For the lionshare of the last 30 years or so there has been a systematic suspicion of leaders, especially when they take a stance with regard to what they think is right to do in the interest of the public. politicians in the modern age have found hard to lead there countries as their policies before even put forward in legislation are seriously questioned and torn apart. in this age the politician that captured the imaginations of the public articulating a future just little bit better than the present state of affairs would find himself mocked constantly by commentators and ignored by the public.

Politics has always been the ideal realm of the pragmatist however the greatest changes in politics have been instigated by idealist prepared to see things in simplistic moral terms. politicians hardly ever take con the public especially when such course of action is required. Barack Obama presidency serves up plenty of examples of why politics in this age of paranoia with regard to those in power, is comically ineffective. when Barack Obama proposed reform to healthcare to the public,a section of which who dont think he is qualified  to be president based on his fake birth certificate, the response of ihis opposition party and the public was one of unmitigated paranoia.  Republicans were shouting from the rooftops about 'death panels' where government officials will make life and death decisions by committee and a confused but numerous mob holding posters of a joker-faced Obama shouting at the top of their lungs of Obama's credentials as the next Hitler.

Obama was forced to compromise on many of the key tenets of his original proposal in order to pass the bill in congress with nobody, including his own party, satisfied. This paranoia comes from many sources however in analyzing this phenomena two factors stand out, firstly, the lack of a clear definition over what is the end of politics, which has always been damaging to politics, and secondly, the corrupt acts of politicians in the first place. The lack of a clear of definition of what politics is leads to key question over the legitimacy of the politician's powerful position with regards to fate of the citizen and the nation. inequalities in the wider society do not help such matters as many of the politicians in the modern age emanate  from privileged or middle class backgrounds, a clear example being those who hold the most powerful position in British politics are all publically educated, some of which came into office as millionaires.

With this knowledge, commentators in the media and  members of the public at large are subject to the logic how can a politician be serving my interests if my interests are not his? This is why calls of elitism, many of them justified, is prevalent in the culture political criticism, ever questioning the efficacy of politicians, placing a critical eye on issues that never seem to attenuate or disappear with the political process  at the centre many criticisms of what's in the way of change. The lack of defintion of what politics is in an age where very few hold onto the ideologies of the past (or at least without a razor sharp critical eye) which shaped definitions of politics, the meaning and the telos of politics has come to become irrelevant with it despite this being very important. 
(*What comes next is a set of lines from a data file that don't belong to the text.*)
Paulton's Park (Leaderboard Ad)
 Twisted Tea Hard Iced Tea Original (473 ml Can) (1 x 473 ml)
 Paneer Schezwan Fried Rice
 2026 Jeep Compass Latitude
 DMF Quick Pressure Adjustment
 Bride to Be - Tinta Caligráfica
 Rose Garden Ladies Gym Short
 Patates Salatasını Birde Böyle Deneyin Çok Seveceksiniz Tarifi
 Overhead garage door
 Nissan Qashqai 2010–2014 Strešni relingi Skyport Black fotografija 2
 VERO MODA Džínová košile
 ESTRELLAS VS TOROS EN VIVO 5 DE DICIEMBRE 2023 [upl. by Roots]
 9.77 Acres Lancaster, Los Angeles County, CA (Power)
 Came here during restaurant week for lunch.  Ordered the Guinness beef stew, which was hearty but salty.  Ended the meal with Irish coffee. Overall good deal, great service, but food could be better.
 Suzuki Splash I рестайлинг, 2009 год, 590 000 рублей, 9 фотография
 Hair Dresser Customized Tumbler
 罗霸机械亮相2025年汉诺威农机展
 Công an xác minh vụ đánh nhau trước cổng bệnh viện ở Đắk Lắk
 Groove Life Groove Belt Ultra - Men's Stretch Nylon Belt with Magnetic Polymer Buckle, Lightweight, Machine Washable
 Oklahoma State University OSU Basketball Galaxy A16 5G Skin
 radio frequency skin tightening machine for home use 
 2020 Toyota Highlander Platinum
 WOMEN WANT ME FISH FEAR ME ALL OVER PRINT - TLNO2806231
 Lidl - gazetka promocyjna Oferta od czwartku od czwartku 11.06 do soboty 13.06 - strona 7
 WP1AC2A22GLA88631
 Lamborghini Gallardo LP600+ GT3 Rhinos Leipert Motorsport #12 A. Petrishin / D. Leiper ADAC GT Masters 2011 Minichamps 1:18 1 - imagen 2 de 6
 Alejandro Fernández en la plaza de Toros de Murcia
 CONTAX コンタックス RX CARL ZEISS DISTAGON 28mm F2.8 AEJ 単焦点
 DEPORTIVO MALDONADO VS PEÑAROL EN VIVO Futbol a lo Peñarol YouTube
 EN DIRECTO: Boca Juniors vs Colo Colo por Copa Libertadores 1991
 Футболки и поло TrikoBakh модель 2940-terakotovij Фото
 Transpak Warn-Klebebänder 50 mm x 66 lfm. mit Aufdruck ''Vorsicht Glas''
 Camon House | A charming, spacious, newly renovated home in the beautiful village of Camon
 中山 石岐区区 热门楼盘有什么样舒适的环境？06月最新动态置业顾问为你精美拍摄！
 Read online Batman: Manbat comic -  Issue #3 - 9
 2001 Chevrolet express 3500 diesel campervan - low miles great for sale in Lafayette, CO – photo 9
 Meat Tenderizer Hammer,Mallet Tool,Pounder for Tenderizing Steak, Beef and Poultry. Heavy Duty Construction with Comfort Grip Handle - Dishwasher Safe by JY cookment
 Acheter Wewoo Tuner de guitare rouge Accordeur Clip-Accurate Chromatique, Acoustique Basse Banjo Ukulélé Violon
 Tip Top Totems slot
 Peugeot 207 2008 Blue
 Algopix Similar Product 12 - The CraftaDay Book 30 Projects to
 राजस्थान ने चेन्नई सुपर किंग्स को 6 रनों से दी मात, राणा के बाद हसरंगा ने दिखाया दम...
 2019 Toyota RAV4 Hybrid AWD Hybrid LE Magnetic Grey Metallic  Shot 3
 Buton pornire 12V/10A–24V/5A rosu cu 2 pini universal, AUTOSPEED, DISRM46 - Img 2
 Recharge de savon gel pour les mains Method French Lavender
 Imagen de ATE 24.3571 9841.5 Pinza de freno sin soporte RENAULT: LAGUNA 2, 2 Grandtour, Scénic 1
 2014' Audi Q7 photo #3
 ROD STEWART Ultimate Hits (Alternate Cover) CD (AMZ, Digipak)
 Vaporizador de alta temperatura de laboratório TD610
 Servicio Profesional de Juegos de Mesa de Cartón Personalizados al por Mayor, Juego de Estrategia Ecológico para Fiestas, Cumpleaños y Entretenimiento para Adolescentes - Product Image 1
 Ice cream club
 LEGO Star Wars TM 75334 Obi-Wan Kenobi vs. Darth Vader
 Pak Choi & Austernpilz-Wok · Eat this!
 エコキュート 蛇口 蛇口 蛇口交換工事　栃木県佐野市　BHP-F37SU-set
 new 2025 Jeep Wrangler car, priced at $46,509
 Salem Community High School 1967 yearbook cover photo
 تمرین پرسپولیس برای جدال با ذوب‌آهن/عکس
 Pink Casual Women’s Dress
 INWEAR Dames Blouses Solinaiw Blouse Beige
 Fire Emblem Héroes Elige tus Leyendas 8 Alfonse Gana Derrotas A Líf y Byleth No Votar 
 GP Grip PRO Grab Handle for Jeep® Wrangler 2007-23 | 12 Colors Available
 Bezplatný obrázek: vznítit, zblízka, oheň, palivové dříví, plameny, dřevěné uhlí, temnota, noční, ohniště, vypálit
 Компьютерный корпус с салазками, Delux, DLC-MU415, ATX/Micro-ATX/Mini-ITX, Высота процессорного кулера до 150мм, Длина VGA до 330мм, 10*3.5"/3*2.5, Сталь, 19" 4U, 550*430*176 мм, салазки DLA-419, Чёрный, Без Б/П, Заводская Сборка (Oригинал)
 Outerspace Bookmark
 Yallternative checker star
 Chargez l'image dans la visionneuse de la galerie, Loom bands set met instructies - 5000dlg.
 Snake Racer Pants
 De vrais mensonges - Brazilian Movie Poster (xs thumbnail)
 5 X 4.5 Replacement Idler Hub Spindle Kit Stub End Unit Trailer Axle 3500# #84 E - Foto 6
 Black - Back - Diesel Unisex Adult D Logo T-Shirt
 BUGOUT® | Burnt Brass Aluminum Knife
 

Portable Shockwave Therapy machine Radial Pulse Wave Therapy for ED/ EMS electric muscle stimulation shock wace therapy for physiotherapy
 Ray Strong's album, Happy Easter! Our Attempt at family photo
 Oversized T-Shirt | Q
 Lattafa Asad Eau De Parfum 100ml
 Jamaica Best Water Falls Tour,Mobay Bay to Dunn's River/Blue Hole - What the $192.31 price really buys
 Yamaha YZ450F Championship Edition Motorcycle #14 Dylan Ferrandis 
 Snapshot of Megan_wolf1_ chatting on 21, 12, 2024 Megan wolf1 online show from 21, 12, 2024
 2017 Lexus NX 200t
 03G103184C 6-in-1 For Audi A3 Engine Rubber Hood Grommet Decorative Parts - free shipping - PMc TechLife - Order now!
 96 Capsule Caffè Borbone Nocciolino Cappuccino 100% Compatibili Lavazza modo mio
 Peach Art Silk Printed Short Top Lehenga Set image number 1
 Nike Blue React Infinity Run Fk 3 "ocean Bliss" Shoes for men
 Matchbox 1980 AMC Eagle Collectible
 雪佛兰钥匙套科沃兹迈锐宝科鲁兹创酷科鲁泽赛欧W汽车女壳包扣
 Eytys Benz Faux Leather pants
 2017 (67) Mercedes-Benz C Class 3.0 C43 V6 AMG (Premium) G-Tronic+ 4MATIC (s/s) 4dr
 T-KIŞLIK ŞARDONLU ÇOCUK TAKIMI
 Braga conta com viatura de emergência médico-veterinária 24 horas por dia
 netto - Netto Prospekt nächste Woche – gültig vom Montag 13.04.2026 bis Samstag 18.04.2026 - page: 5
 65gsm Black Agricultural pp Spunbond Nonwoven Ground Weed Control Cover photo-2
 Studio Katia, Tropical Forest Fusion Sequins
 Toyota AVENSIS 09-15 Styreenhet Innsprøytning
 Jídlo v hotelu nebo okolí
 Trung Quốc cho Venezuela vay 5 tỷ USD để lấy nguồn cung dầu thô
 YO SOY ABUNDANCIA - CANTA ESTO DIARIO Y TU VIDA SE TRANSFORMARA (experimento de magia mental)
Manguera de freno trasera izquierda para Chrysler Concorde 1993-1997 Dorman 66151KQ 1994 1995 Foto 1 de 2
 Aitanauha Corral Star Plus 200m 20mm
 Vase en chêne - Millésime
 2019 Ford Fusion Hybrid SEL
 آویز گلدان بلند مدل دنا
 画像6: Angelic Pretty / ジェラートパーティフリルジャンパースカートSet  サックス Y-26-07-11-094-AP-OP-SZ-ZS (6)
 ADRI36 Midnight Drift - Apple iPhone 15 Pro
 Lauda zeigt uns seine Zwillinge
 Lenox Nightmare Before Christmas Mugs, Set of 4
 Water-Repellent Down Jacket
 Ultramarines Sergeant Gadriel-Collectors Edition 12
However, what Politicians cannot argue is that the skepticism shown by the media and the wider public towards them is not justified. The paranoia of media commentators and the public with regard to Politicans has come in a age when the folly of politicians makes good for front page headlines , uber-critical documentaries, dramas and comedies readily consumed by the public with both actors becoming distrustful of politicians. This is exacerbated by the enormous democratization of information once controlled by the state now open for scrutiny by a public looking for mistakes and contradictions between the facts and political narrative. The widely perceived cosy relationship between politicians and other centers of power, particularly members of the financial world is supported by well researched exposes of political corruption via the allocation of campaigns funds for political favors and the actions of politicians and members of the financial world during the (still ongoing) financial crisis. 

The expenses scandal in Britain is the ultimate example of politicians vindicating the well earned distrust of the public as politicians help deepen the already well anchored belief  that politician are nothing but well dressed 'crooks and thieves'. The fallout of the expenses continues as members of parliament have come under investigation, some facing time in prison. The social contract between the public and politicians has never been weaker as politicians have very few answers to the concerns of the public and if they do they have to earn the trust of an public unwilling to give it. In sum, the politics of paranoia will not weaken but get stronger in an age where politicians have no hiding place with their faults clear for all to see, analyzed by commentators with more avenues for attack than ever and a public defined by their distrust for anyone in authority.